The intent of the tag is to tell Google that “this page is duplicate content. The original content is at this other URL. Please rank that page and ignore this page.” The canonical tag looks like this:

<link rel=”canonical” href=”https://www.yourdomain.com/page-name” />

and he canonical link element can be either used in the HTML <head>, or sent with the HTTP header of a document.

The URL in quotes is the target, and will be viewed by Google as the original URL and “canon”.  These Matt Cutts Video are old, but they are still valid.

Here are the pertinent facts about rel=canonical:

  • Google views the tag as “a strong suggestion”. Google doesn’t guarantee that they will honor the tag, but I’ve never seen an instance when Google hasn’t.
  • Bing doesn’t give a straight answer on whether they honor canonical tags, and instead recommends “URL Normalization” through Bing Webmaster Tools.. I can tell you from experience that Bing doesn’t do a good job recognizing cross domain canonicals.
  • It’s OK to have a page canonical to itself. Many eCommerce sites do this so that when a page with a parameter is created, the canonical tag is automatically on the page.
  • The content on the page needs to be very close to the the target URL. I’d recommend better than 90% duplicate to be safe.
  • If Google honors the rel=canonical tag, it functions almost exactly like a 301 Redirect in terms of ranking power. About 95% of the “Link Juice” is transferred to the target page even though the original page still exists.
  • The canonical tag transfers link juice within a domain, but it also transfers ranking authority across domains. If you choose to canonical across domains, be aware that you will be transferring +/-95% of the page’s link juice to another domain.
  • Google doesn’t have a penalty, per se for duplicate content. Duplicate content confuses Google’s algorithm, and as a result of Googlebot not knowing which page to rank, will not rank any of the pages strongly.

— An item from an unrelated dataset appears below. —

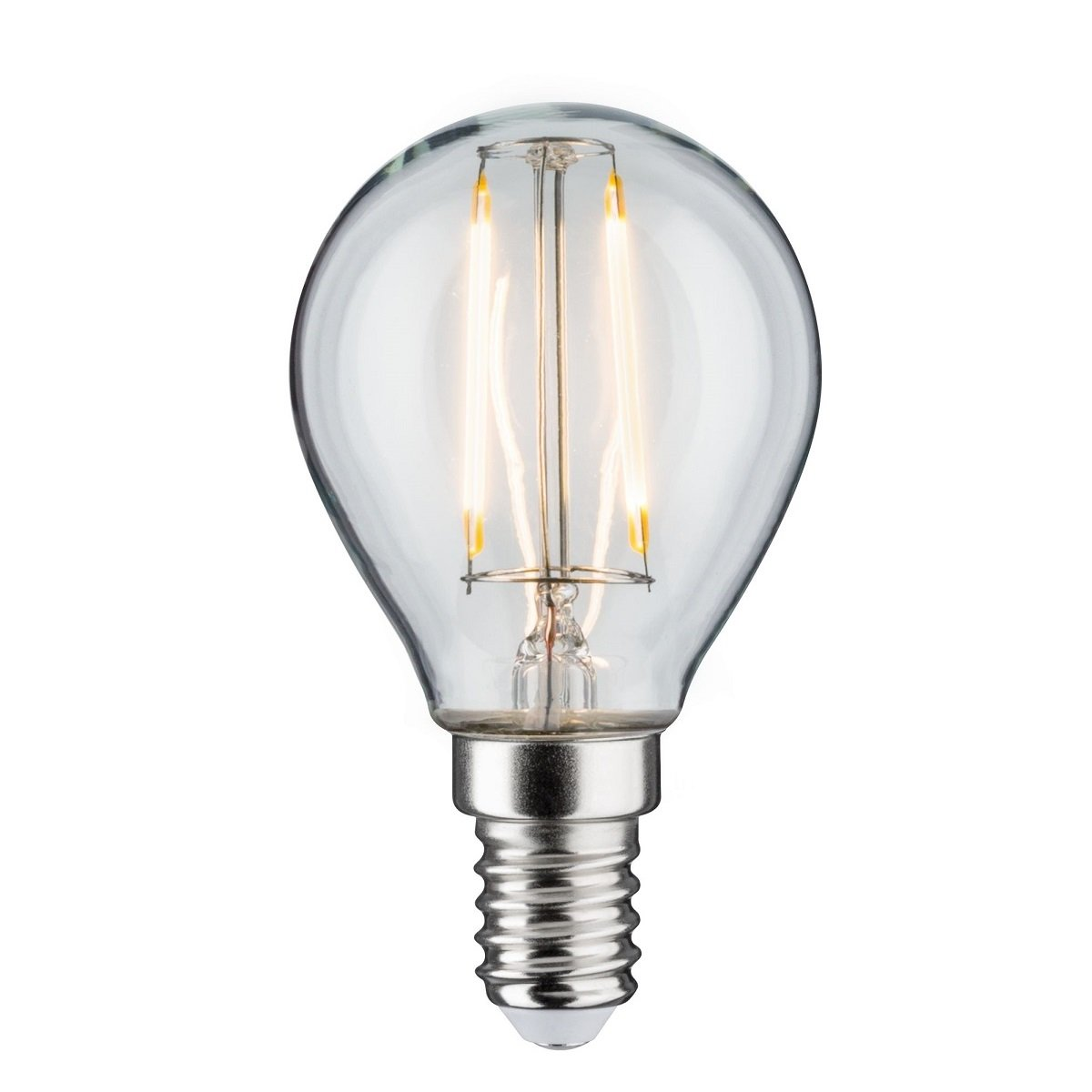 Przezroczysta żarówka z srebrną podstawą. Dwa pionowe żarniki. Białe tło.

That information has been known for a while, but how can SEOs use canonicals to improve rankings?

  • (On-Site) eCommerce Products Appearing in 2 Categories: Many eCommerce platforms are duplicate content machines. For example, if a product resides in 2 categories, the CMS could create 2 URLs for the same product. Example: www.domain.com/category-1/widgets/, and www.domain.com/category-2/widgets/. This is duplicate content, even though it’s the same product. By placing the rel=canonical tag on one of those pages, Google will consolidate the ranking authority.
  • (On-Site) eCommerce Parameters: Other content management systems use tracking parameters. Ex: www.domain.com/product-name.html?clicksource=homepage. This is a distinct URL from the root URL (www.domain.com/product-name.html) and is also duplicate content. By placing the canonical tag on the parameterized version of the page, once again, Google will consolidate the ranking power of the pages.
  • (Off-Site) eCommerce Duplicate Content: I ran into this one first hand. We had a large ECommerce company that had multiple brands selling the same products. I couldn’t get either site to rank for anything, and keyword rankings would flip flop daily between the sites. Since both sites are significant brands, we couldn’t consolidate the sites under 1 domain. We canonicaled the sites together, and within a week, we started popping hundreds of keywords onto page 1.
  • Canonical Link Building: Instead of asking a webmaster to publish your content with a link, have them publish the content with a canonical tag to the exact same content on your website. A link will only pass some of the page’s link juice. A canonical tag will pass 95% of the page’s juice!!!
  • Canonical PBNs: This one is purely black hat, but if you have a PBN (Private Blog Network), you can use canonicals instead of links to rank your pages. Since the canonical tag passes 95% of the link juice, it’s far more effective than using your PBN for links. I wouldn’t go crazy with this one.
  • Ranking ECommerce Category Pages: This one’s a little on the grey side. Getting links to your ECommerce category pages is damn near impossible. So you created a dynamite blog post that generated a ton of links, just like you are supposed to. You put contextual links from your blog post to your category page to help it rank. How about duplicating the content of your blog post at the bottom of your category page, and using a canonical tag in your blog post to transfer all of the link juice to the category page? It’s better than using a 301 since you can leave the blog post in place for a better UX.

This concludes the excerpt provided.